# WHAT TO WORK ON:
Retype the data exactly, skipping any picture in it.

# PROVIDED DATA:
------------------------

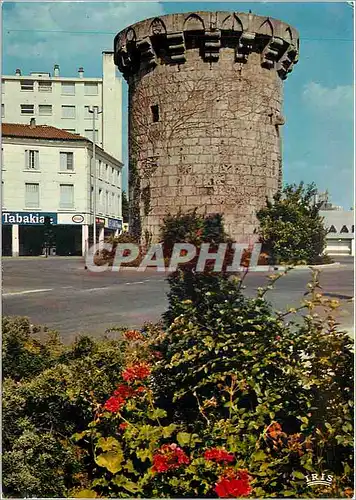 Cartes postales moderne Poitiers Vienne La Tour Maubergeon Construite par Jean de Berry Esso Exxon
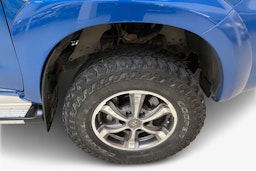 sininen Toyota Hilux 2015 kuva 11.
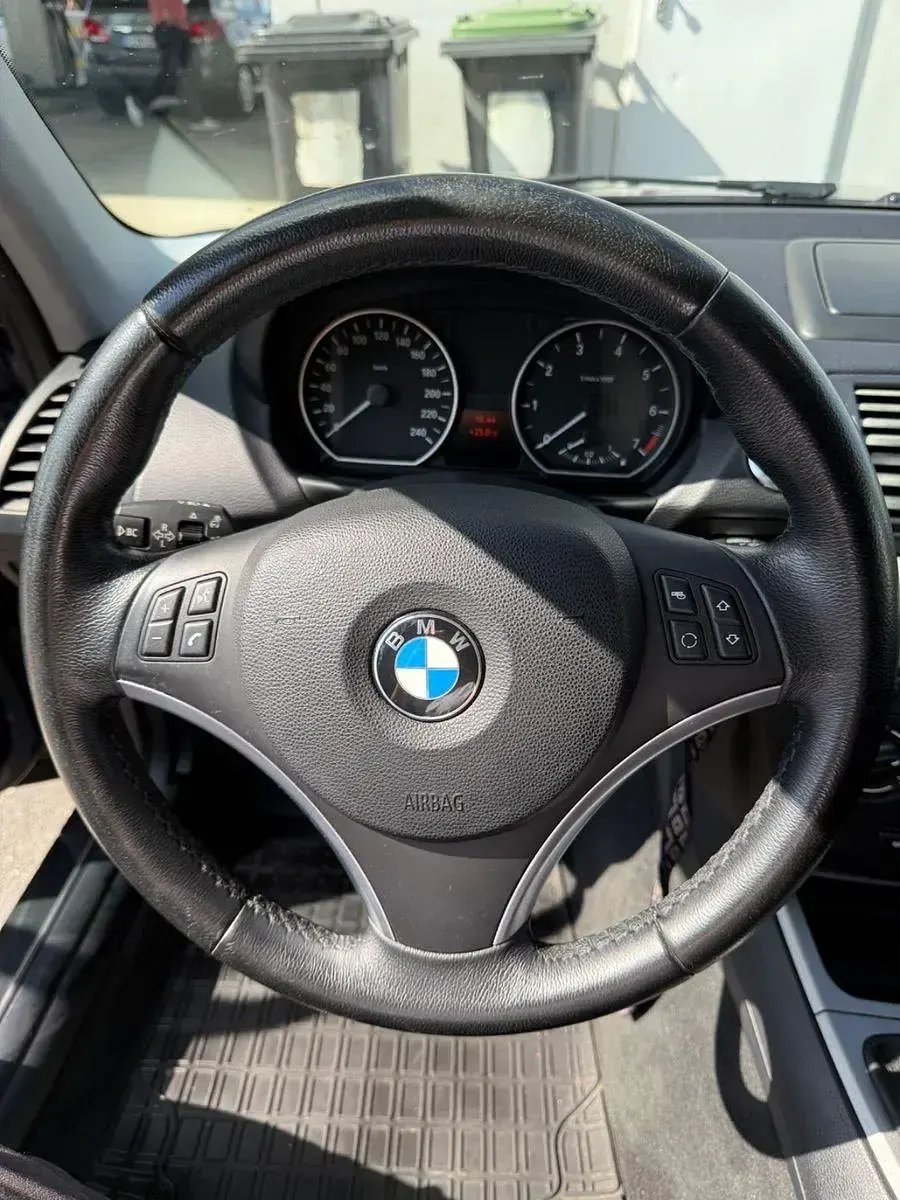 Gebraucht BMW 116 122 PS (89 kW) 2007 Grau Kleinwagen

------------------------

# RESULT OF THIS EXERCISE:
 Cartes postales moderne Poitiers Vienne La Tour Maubergeon Construite par Jean de Berry Esso Exxon
 sininen Toyota Hilux 2015 kuva 11.
 Gebraucht BMW 116 122 PS (89 kW) 2007 Grau Kleinwagen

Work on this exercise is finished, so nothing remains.